Input your coil's measurements to find it's spring rate.
Q -Mike,
Finally, I can ask an expert. I’m a member of a Classic Mustang forum where the “popular wisdom” is that if one cuts a spring, say a fraction of a coil (like 1/4 to 1/2), the spring *rate* increases.
I’m an engineer (but alas an EE!) with no practical knowledge on the matter — BUT, this “popular wisdom” tends to run contrary to my intuition.
OK,
within elastic limits of a spring in compression, does cutting a spring’s free length change the rate (i.e., the “k” in F=k*x)??.I think it changes the rated load (as a percentage of the reduction in overall length) as the reduced overall length also reduced the total “F,” or load, the spring can handle (max deflection/compression but I just don’t see how the metal knows that part of it has been lopped-off or not.
So, is *k* a function of spring length (and number
of coils)?I would really appreciate a bit more of information on what factors drive the *k* value for a given spring design (mostly I’m focused on coils for front springs here).
I’ve read your web sites Spring Tech 101 and it doesn’t address this specific question in detail.
Also, I know lots of restomod folks cut springs to achieve a certain ride height. But is this really the best practice if limited to less than, say, 10% of a spring’s original length??.
I think I already know the answer
to this, but I want an expert opinion please.And, do you by chance know what the factory ride height of a ’67 Mustang GT at front and rear as measured from the spindle/axle centers to the fender lip center are??.
I cannot find this data anywhere.
Scott
A – Scott,
“Popular wisdom” rules. Cutting coils does increase the spring rate. Let me explain why.
The strength of a spring, leaf or coil is a function of the cube of the steel used. Keeping with the subject of your question, coil springs, the diameter of the wire and the length of the wire will give us the amount of steel used.
For this whole discussion we will be talking about springs with the same wire diameter and the same inside diameter. The only thing that will change will be the length of the wire used to wind the spring.
The longer the wire is the lower the spring rate. As the wire get shorter, such as when cutting the coil, the spring rate increases.
So everyone has a clear understanding lets describe what “rate” is.
Rate is the amount of weight it takes to deflect a spring one Inch.
A very common mistake is to think that spring rate is how much a spring supports. How much weight a spring is designed to support is called “Load” or “Designed Load” or”Load Rate”.
Rate and Load Rate are two totally different animals.
The calculation to find the rate of a coil spring is:
11,250,000 times the wire diameter to the 4th power divided by 8 times the active number of turns times the mean diameter cubed.
Active turns are the number of turns of the spring that do not touch anything. Any part of the coil which makes contact with anything becomes inactive, that is it no longer functions as part of the spring.

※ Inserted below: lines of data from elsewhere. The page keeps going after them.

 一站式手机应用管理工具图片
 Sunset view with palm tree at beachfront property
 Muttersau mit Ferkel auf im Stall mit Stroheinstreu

The mean diameter is the inside coil diameter plus one wire thickness. Or the outside coil diameter less one wire thickness.
Let’s say for example a 1967 Mustang GT front spring is made from .610 wire and has an inside diameter of 3.875″ and has a free height of16.145″ (not installed) and is deflected down to 10.5″ (load height) when loaded to 1,519 Lbs. (load rate) This spring has a spring rate of 269 Lbs.

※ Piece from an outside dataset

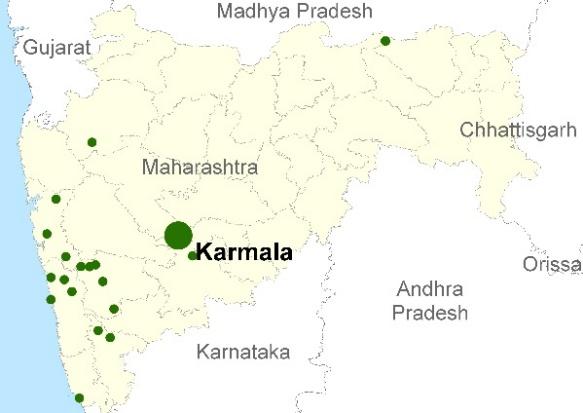 Karmala, Maharashtra 1 City Profile Karmala is a C class council located in Solapur district of Maharashtra. As per Census 2011, it has a population of 21933 and is spread over an area of 4.96 sq.km.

This spring has 9.33 total coils but 1.33 coils touch the spring seat so they are inactive leaving 8 active turns. (I know this from the Ford blue print).

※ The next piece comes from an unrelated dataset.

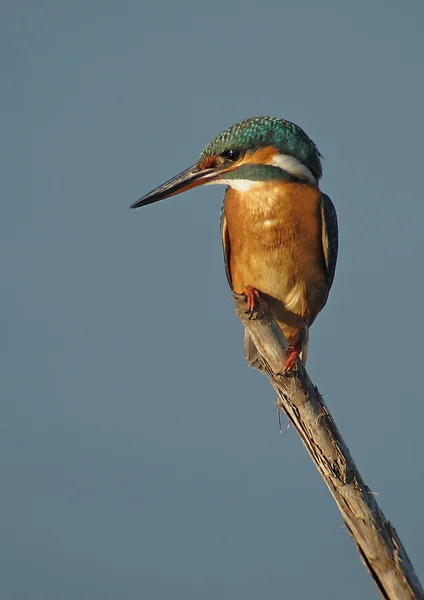 Martin Pescatore Alcedo nisto — Fotografia de Stock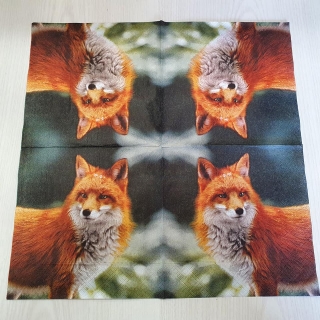 Liška - celé balení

The mean diameter is 3.875 + .610 (The inside is the important diameter because it is the inside of the spring which is used to locate the spring on the corresponding suspension parts. The outside diameter is not considered because it will change with a change of wire diameter)
Do the math-
11,250,000 x (.610 x .610 x .610 x .610) / 8 x 8 active turns x (4.485 x 4.485 x 4.485) = 269 Lbs.
Double check the math – 16.145 – 10.5 = 5.645 deflection. 1,519/5.645 = 269
Now if we cut say 1/2 turn off this spring the active turns become 7.5.
So 11,250,000 x (.610 x .610 x .610 x .610) / 8 x 7.5 x (4.485 x 4.485 x 4.485) = 287 Lbs.
While the rate is increased the load is unchanged. Rate is the amount of weight required to deflect the spring one Inch while load is the amount of weight the spring will support at a given height.
Cutting coils is limited to those types which have tangential ends. Tangential ends are those which spiral off into space. If you tried to stand the spring on end it would fall over.
Square ends and pigtail ends, both will stand up, and can not be cut because the finished product will not mount correctly in the suspension.
When altering ride height one must be aware of much more than just the springs. Brake lines, steering, shock length and other areas of interference. We do not offer coil springs which will alter any ride height more than 2 Inches. Nor do we recommend anyone alter the ride height more than 2 Inches.
While we have all sorts of springs which will vary ride height, spring rates and ride quality on the shelf, cutting coils maybe, in some cases, the only way to achieve the desired stance one is looking for.
I do not know the distance from the spindle to the fender lip, but we do have other measurements which may help. Send me your fax number.
I hope this answers your question. – Mike